U.S. oil and natural gas extraction jobs began inching up in parts of the country in late 2016, and it can’t come quickly enough as the tight labor market apparently already is affecting onshore drilling efficiencies as operators raise more rigs.

The Bureau of Labor Statistics (BLS) on Friday said the oil and gas sector began to get back to work in November. BLS data issued last Friday reported jobs information for combined oil/gas extraction and support sector jobs through November. BLS also provided extraction jobs data only through December.

In November, the report showed an increase in combined extraction and support services jobs of 3,300 to 384,300, the first uptick since September 2014, when sector employment peaked at 536,100. Nationwide, extraction jobs only in December fell by 1% (1,300) to 172,400 after gaining 1,400 in November, in part because of seasonal factors.

Operators may be returning to work, but they appear to be finding it difficult to fill positions, according to anecdotal evidence compiled by Evercore ISI. Field-level commentary suggested that the labor squeeze already is affecting crew efficiencies, said Evercore’s James West.

“From our discussions with service company management and in reaching out to ex-oilfield workers that had overwhelmingly sworn off the coveralls for good, we already understood that labor attrition would be a hindrance to continued efficiency gains in North America,” West said Monday.

“This past weekend, we once again reached out to several boots on the ground to get an operational update on the status of the upturn,” he said. “Surprisingly, the labor and equipment squeeze has already begun to take its toll with a faster-than-expected ramp in activity; even without an appreciable increase in the number of incremental crews, the existing market is struggling to keep up with current demand.”

Last month the Federal Reserve Bank of Dallas (Fed) said oil and gas labor market conditions had turned positive for the first time in 2016 during the final three months of the year.

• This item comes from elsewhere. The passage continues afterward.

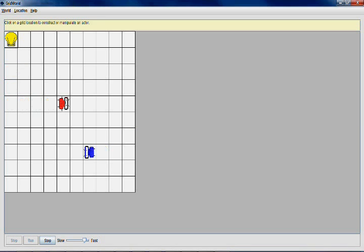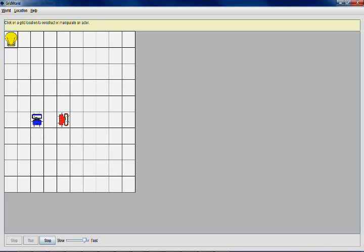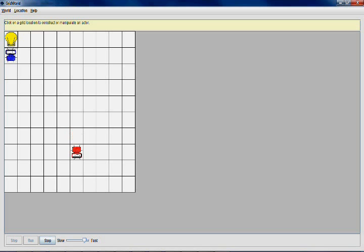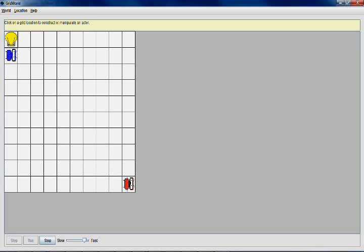In the bottom right hand corner in blue you'll be able to see the light seeking agent, and in the top left hand corner in red you'll be able to see the dark seeking agent. You can see that they start heading towards the opposing corners from where they started, and that's where their maximum reward will be, or that's where they will converge.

The Fed’s business activity index rose 40.1 from 3Q2016’s 26.7 reading.

In its latest jobs report last week, the Dallas-based Fed said improving conditions were affirming an “increasingly positive outlook” for the Houston area, the acknowledged U.S. energy capital, but it said a “broad-based recovery remains elusive.” Total employment in the metropolitan area is growing “moderately,” the Fed said.

“Oil prices and the rig count are recovering, but energy jobs have yet to follow. While many sectors have improved since mid-year, the construction and manufacturing sectors continue to lose jobs. Altogether, Houston is showing signs of improvement and the outlook is becoming more positive.”

In the most active drilling area in the country, the Permian Basin, labor market conditions “continue to be bumpy,” even with increases in crude oil production, according to the Fed.

Halliburton Co. affirmed in late December it is ready to hire more than 200 people in the Permian Basin for “all of its product service lines and support functions.”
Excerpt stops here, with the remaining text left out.